Reporting on Friday by the Washington Post, backed by two sources familiar with the operation, stated Hegseth ordered SEAL Team 6 to “kill them all” after the U.S. military destroyed an alleged drug smuggling vessel off the coast of Venezuela in early September. That order included two *survivors* who reportedly were still in the water, clinging to the wreckage of their craft.
There aren’t many things that people on the opposite ends of the political spectrum, let alone the entire civilized world, agree on. But the immorality and illegality of firing upon defenseless people floating in the ocean after you’ve sunk their ship, giving them “no quarter” in their time of greatest distress, is one. And there is no one, outside of lawless or fascist regimes, who would defend it today.
This is where we now find ourselves. The prohibition on “no quarter” orders is such a bright line that even the increasingly lawless and fascist Trump regime won’t be able to stand behind it. And that has Hegseth’s opponents eager to press the crush button on his garbage leadership.
**Any way you slice this bread, Hegseth is toast
If the reporting is accurate—and as I’ll discuss below, there is strong reason to believe it is, and the specifics will soon become clear—this presents quite a conundrum for the ”War Secretary.”
If we are at war, as Hegseth claims, then his order was a war crime. A “Former JAG Working Group,” comprising officials that Hegseth conveniently pushed out of their military legal oversight roles just before the illegal strikes began, “unanimously considers both the giving and the execution of these orders, if true, to constitute war crimes, murder, or both.”

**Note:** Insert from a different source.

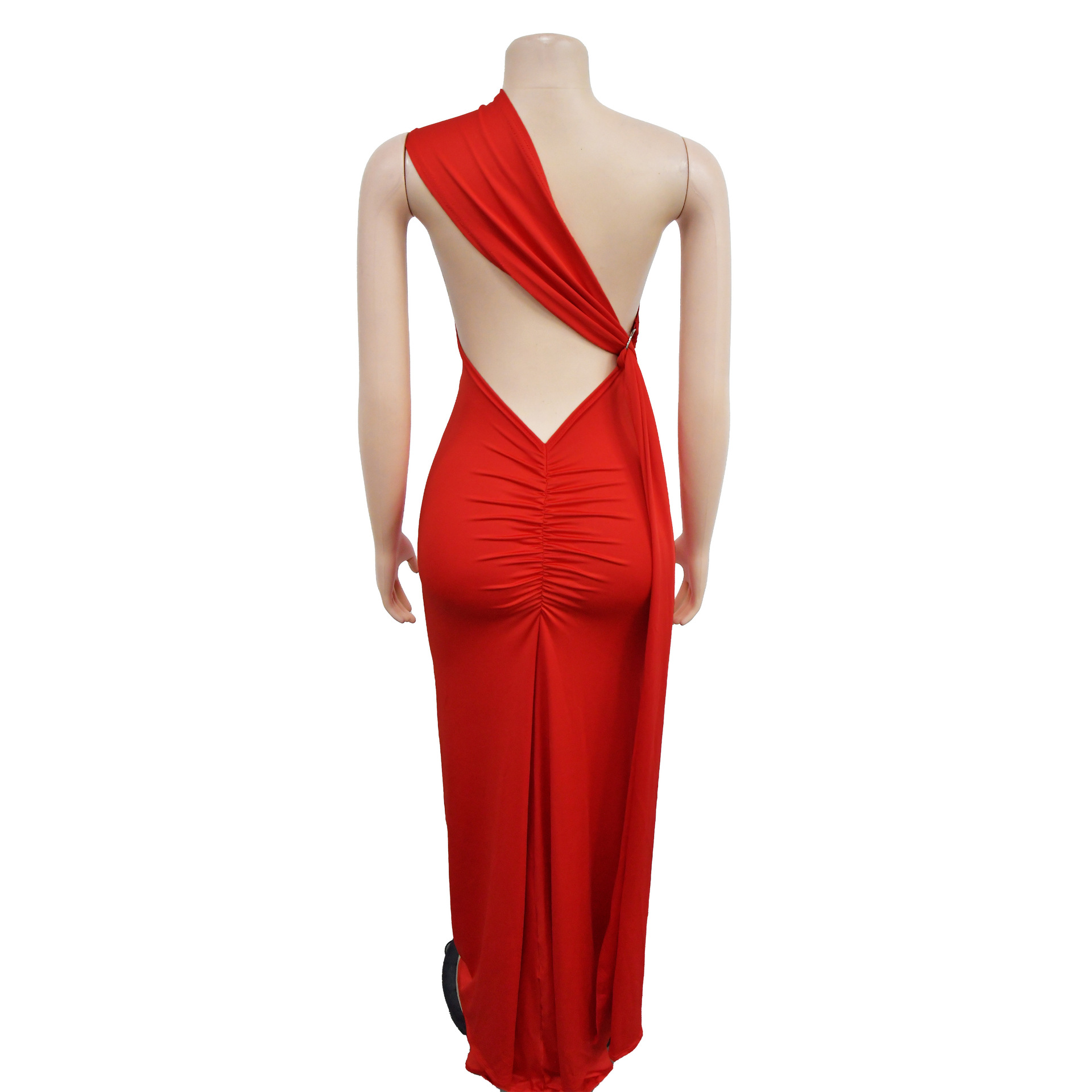 CM.YAYA Women One Shoulder Sleeveless Roll Splicing Ruched Backless Maxi Dress 2023 Vestidos Sexy Clubwear Party Evening Dresses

Here’s why. If the U.S. military operation to destroy vessels suspected of narco-trafficking is in fact a “non-international armed conflict” as the White House claims, then Hegseth’s orders to “kill them all” can “reasonably be regarded as an order to give ‘no quarter,’ and to ‘double-tap’ a target in order to kill survivors”—something that is “clearly illegal under international law.”
“In short,” the Former JAG Working Group concludes, “they are war crimes.”
If we want a clear textual statement of this, we need look no further than the Defense Department’s own Law of War Manual, which explicitly cites “orders to fire upon the shipwrecked” as a “clearly illegal” act.
[See comments for screenshot of text]
It will be quite hard for Hegseth to get around that example.
But if we’re *not* at war, as many argue, because Congress has not authorized this military action, then per the Former JAG Working Group, “orders to kill helpless civilians clinging to the wreckage of a vessel our military destroyed would subject everyone from SECDEF down to the individual who pulled the trigger to prosecution under U.S. law for murder.”
In sum, it was either a war crime or it was murder. Time to choose your poison, Pete. (Ironically, Hegseth is probably better off trying to argue that the U.S. is *not* actually at war, because as I’ll explain below, war crimes are much harder to escape than murder charges.)
Fox News’ chief legal analyst, Andy McCarthy, was equally unforgiving. He penned an OpEd for the National Review entitled, *“We Intended the Strike To Be Lethal” Is Not A Defense*. McCarthy was referring to Hegseth’s initial response to the reporting, in which he failed to deny the reporting and instead doubled down, citing the “lethal kinetic” intent of the operation (whatever that means).
The Washington Post had reported that Adm. Mitch Bradley, head of Special Operations Command, in compliance with Hegseth’s command, gave the order for the second strike. Ostensibly, this was to ensure the survivors couldn’t call on other traffickers to come to their aid.
Wrote McCarthy, “Neither Hegseth’s statement nor the explanation attributed to Bradley...makes legal sense.” Indeed, Hegseth’s argument is entirely circular: “It cannot be a defense to say, as Hegseth does, that one has killed because one’s objective was ‘lethal, kinetic strikes.’”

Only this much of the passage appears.